Investors urge UK government to promote sustainable food systems

News Team, 16/07/2021

A coalition of investors led by Rathbone Greenbank Investments (Greenbank) are demanding the UK government creates a food system that promotes health and wellbeing for the entire population, while preserving environmental systems.

Greenbank is responding to the National Food Strategy’s recommendations for promoting a healthier and more sustainable food system in the UK, and wants the government to demonstrate clear leadership and ambition in its response to what it perceives as a major social and environmental challenge.

As part of its ongoing work on food sustainability and nutrition, Greenbank is leading the group which represents a total of £2.8 trillion in assets under management or under advice and includes Aviva Investors, EOS at Federated Hermes (on behalf of its stewardship clients) and Newton Investment Management.

Specifically, the group urges the government to implement clear and consistent mandatory reporting requirements for companies in the food sector. It also wants the government to consider the full range of regulatory tools at its disposal. This includes fiscal interventions and enhanced regulation - to promote sustainability in the food system, focusing in particular on internalising the externalities currently borne by the environment and society.

Commissioned by then Defra Secretary of State, Michael Gove, in 2019, the National Food Strategy is the first independent review of the of the UK’s food system in 75 years. It recognises that the food system is currently delivering poor health and environmental outcomes and sets out a series of recommendations covering the entire system from farm to fork.

Kate Elliot, head of ethical, sustainable and impact research at Greenbank, comments: “The food system is a major driver of climate change and biodiversity loss. At the same time, the incidence of overweight and obesity – a key risk factor in cases of severe Covid-19 – is rising across the world and awareness is growing of labour rights concerns in global food chains.

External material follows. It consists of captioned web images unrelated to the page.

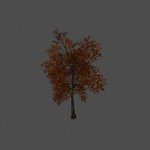 tree21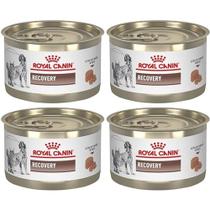 KIT 4 Royal Canin Recovery Ração Recuperação para Cão e Gato 195g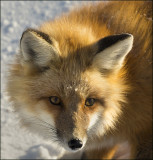 Red Fox Upclose and Personal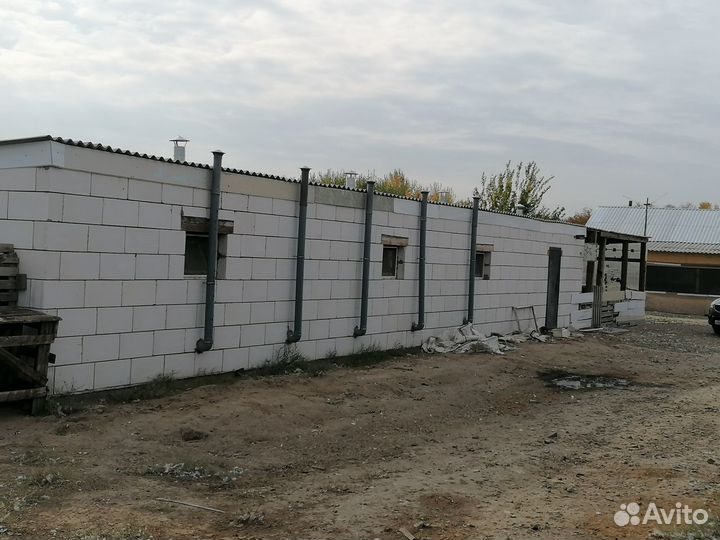 Птицеферма в черте города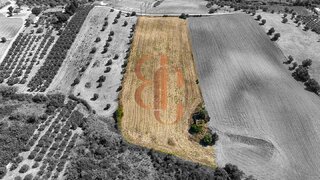 Terreno de 12 000 m² em Santarém
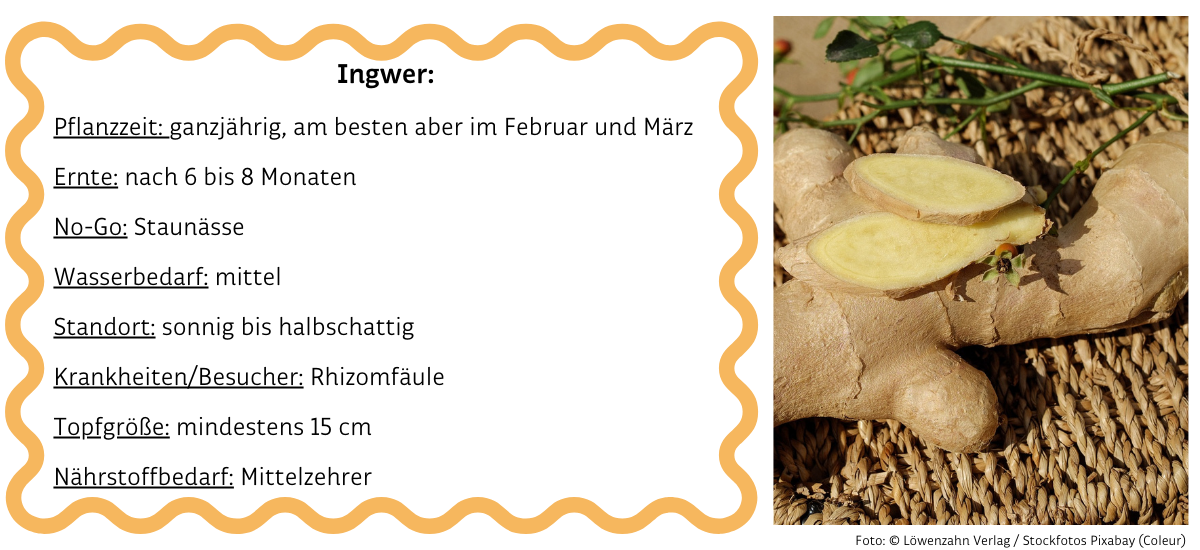 Ingwer neben Infobox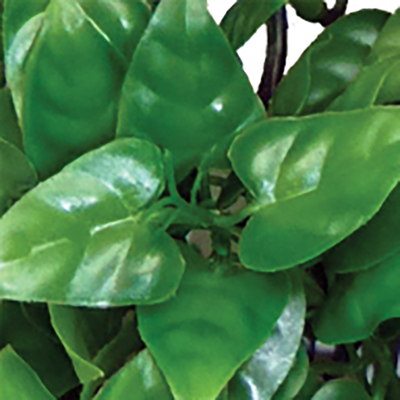 Hanging plant philodendron 40cm, , medium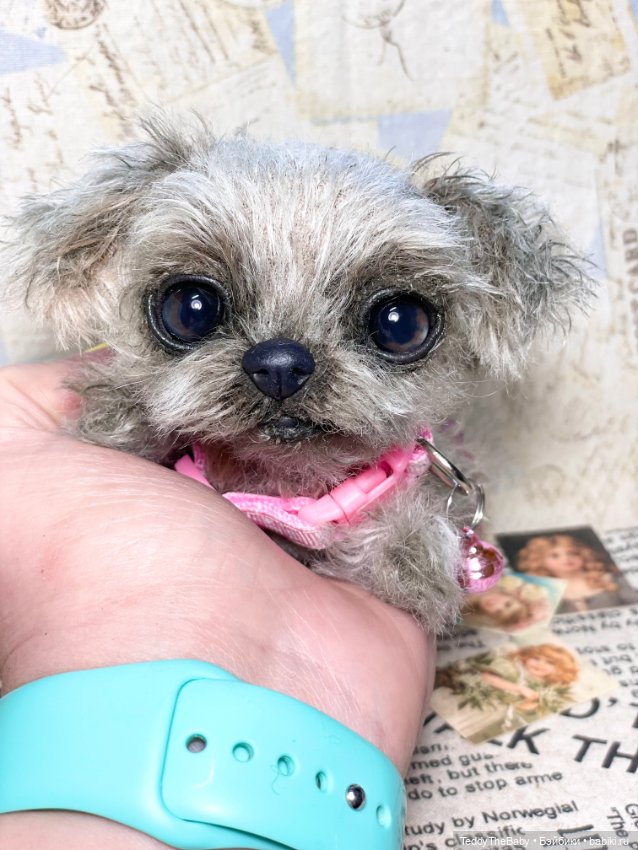 Yuta🐶 — Реалистичные игрушки и звери (Натюр): собаки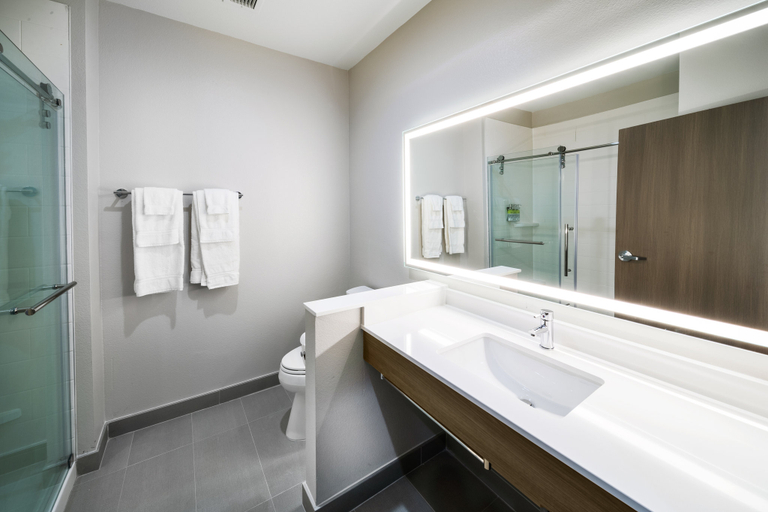 Bathroom 3, Holiday Inn Express & Suites HOUSTON SW - ROSENBERG by IHG, Fort Bend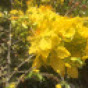 trương Tam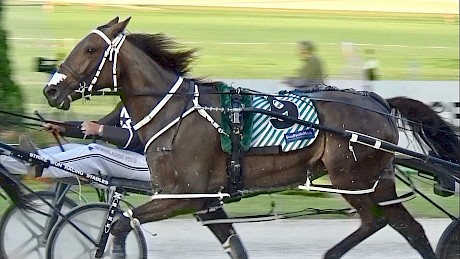 Hilary Barry strides out during Friday night’s race at Alexandra Park.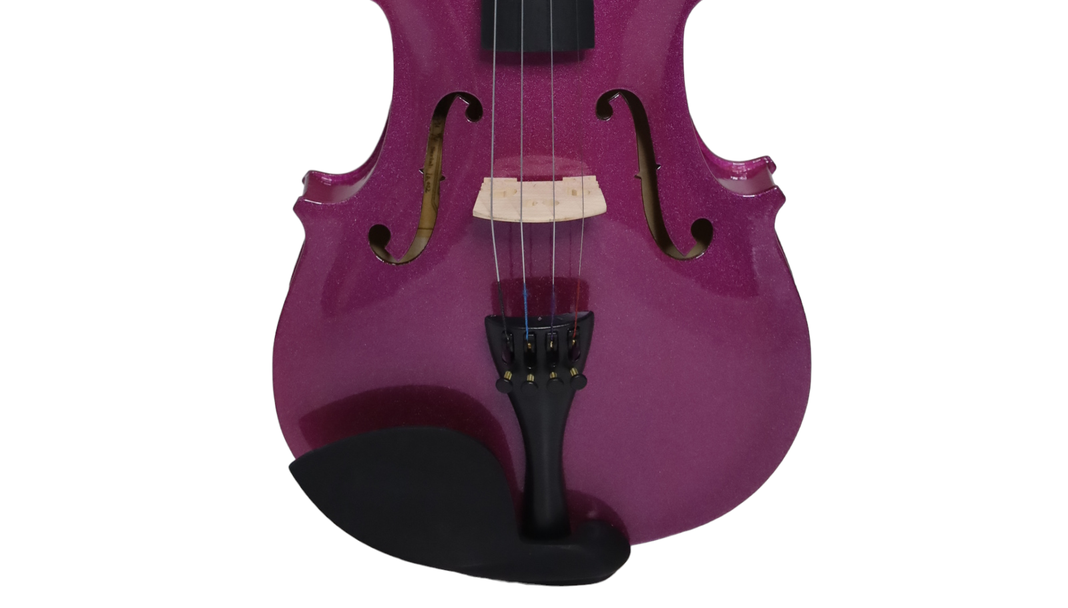 Violín Livorno Color Purpura 4/4 LIV-20PU-2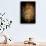 Desert Flower 5-LightBoxJournal-Giclee Print displayed on a wall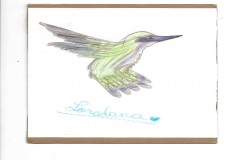 colibrì30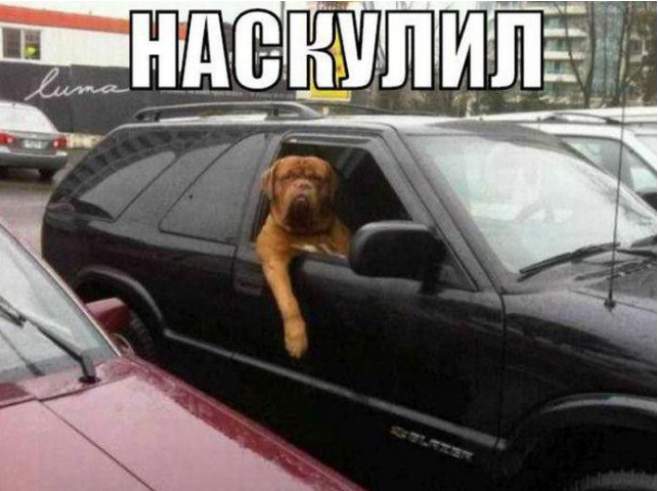 Говорят,что власть портит..,что человек теряет свое лицо...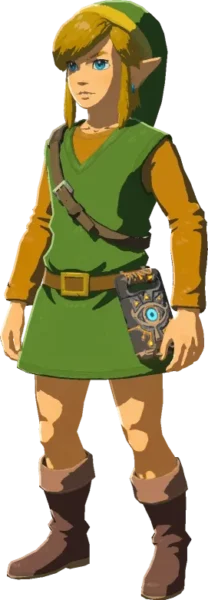 Link wearing the Armor of the Hero Link wearing the Armor of the Hero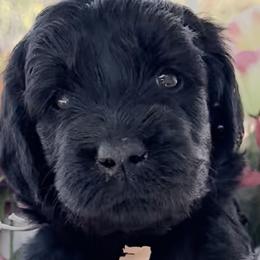Girl 5 - Double Doodle puppy in El Cajon, California from Calibear Doodles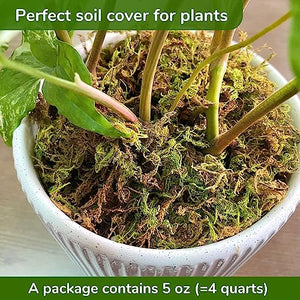 DUSPRO Premium Dried Forest Moss for Potted Plants, Ideal for Orchid Moss Potting Mix Indoor Moisture Repotting Orchid Soil Medium, Terrarium Decor, Natural Reptile Vine 5oz
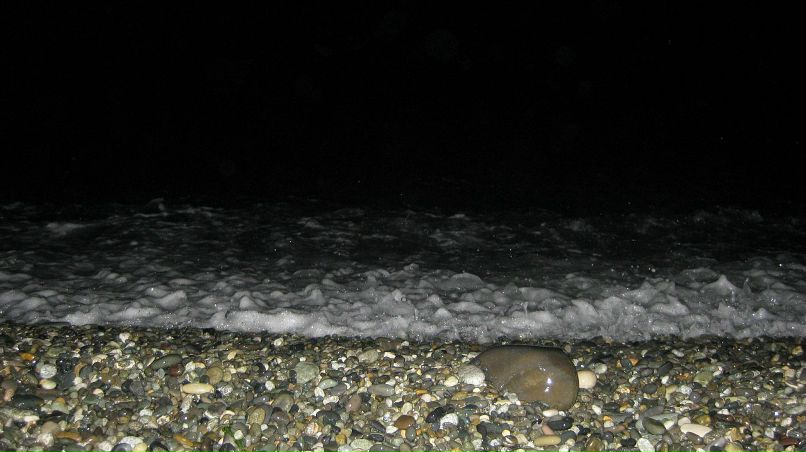 Александр Постников фотография #36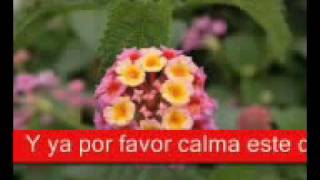 Catherine - Calma este dolor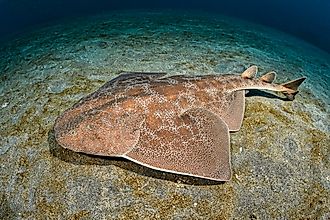 An angel shark (Squatina squatina)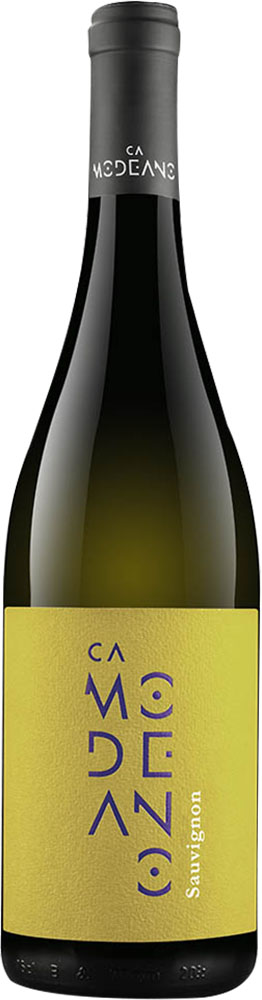 2025 Sauvignon Friuli DOC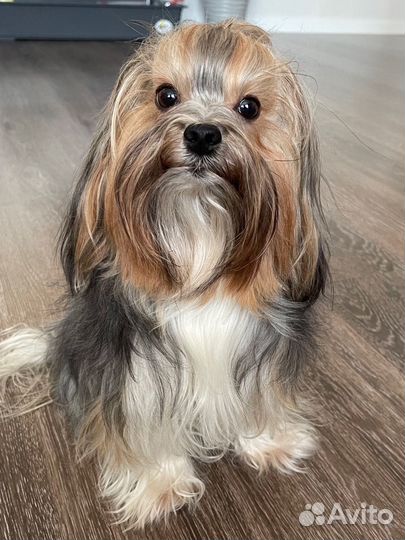 Вязка Бивер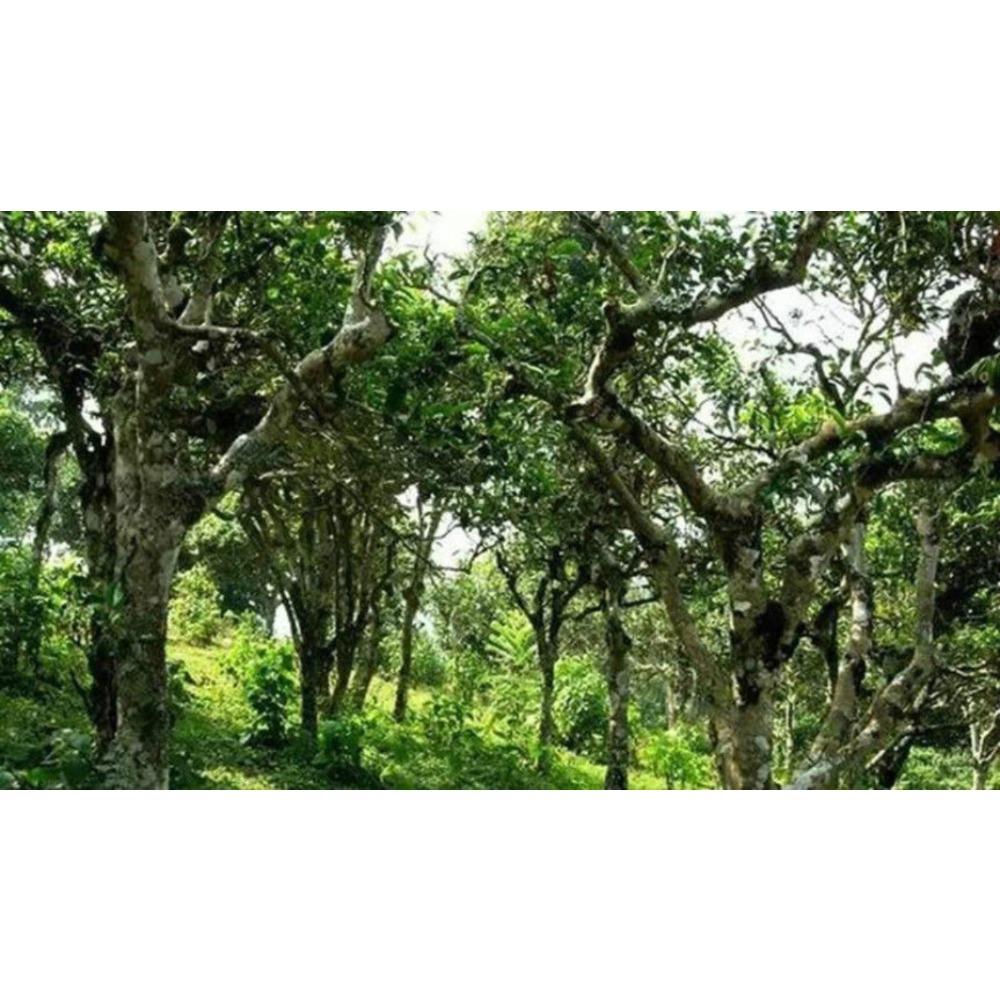 HelloYoungTea 100g Yunnan Ancient Tree Pu'er Tea Fermented Green Tea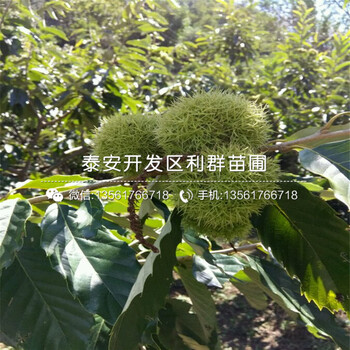 山东华丰板栗苗报价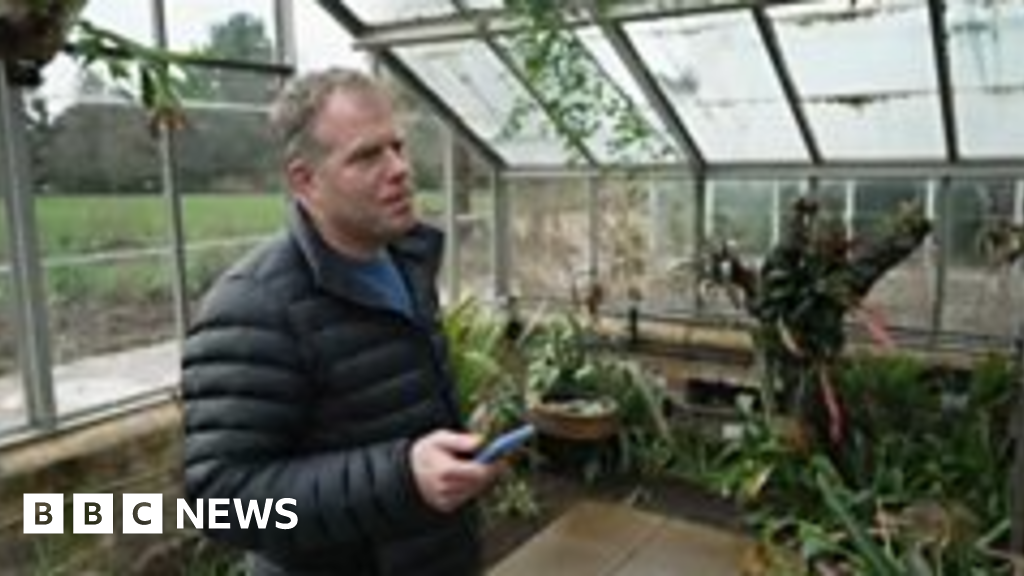 Cambridge Botanic Garden visitors can chat with AI‑enabled plants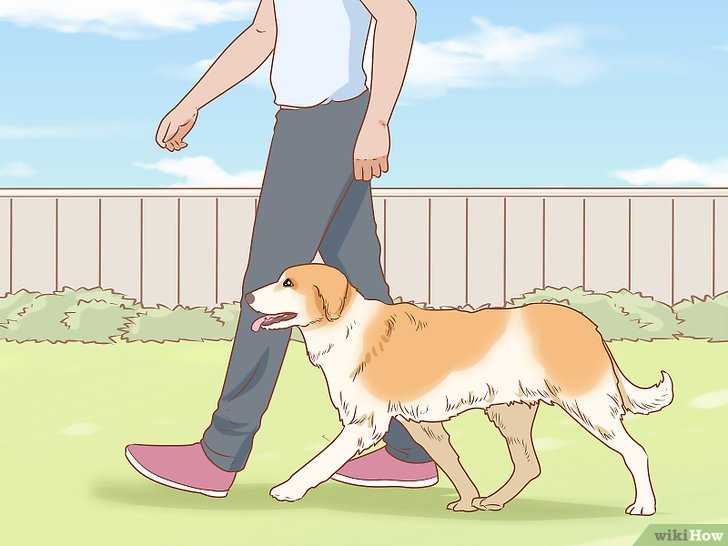dog training comment avoir une relation enrichissante avec votre chien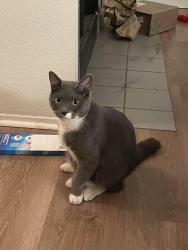 Reunited Unknown Cat last seen Near Westridge Ave W, Tacoma, WA 98466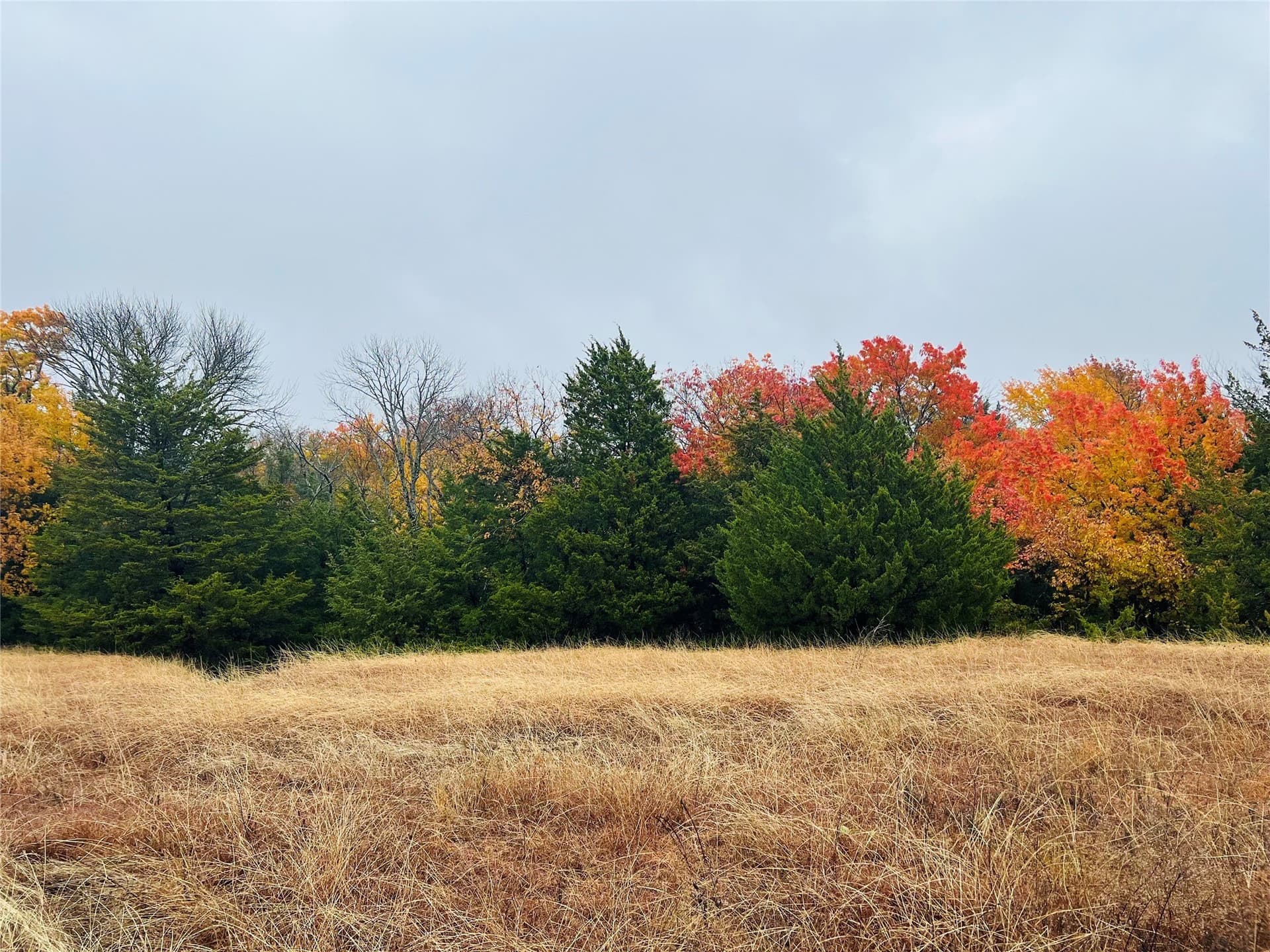 77.03 acres in Grayson County - photo 15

These sustainability challenges present severe risks to the way in which the world produces, processes and consumes food. It’s clear that the food system in its current state is unsustainable and ambitious action is needed to realign it to work for people and planet.”

Commenting on the situation for investors, she explained: “A key challenge for investors has been the lack of consistent, high quality and meaningful information on the nutrition and environmental performance of companies within the food sector. While there are examples of good practice in individual disclosures, a lack of common metrics means investors are often comparing apples and pears and we are limited in our ability to direct capital toward the companies which are taking a proactive and leading approach to sustainability issues. We therefore welcome the recommendation of clear and consistent mandatory reporting requirements for companies in the food sector.”

Senior ESI researcher at Rathbone Greenbank Investments, Sophie Lawrence, added: “The National Food Strategy represents a once in a lifetime opportunity to embed health and sustainability at the core of the UK’s food system. The strategy touches on many of the most critical sustainability challenges that the world is facing, including climate change, biodiversity loss and obesity. It is vital that the UK government responds to the strategy’s recommendations with the high level of ambition and urgency that these issues demand.”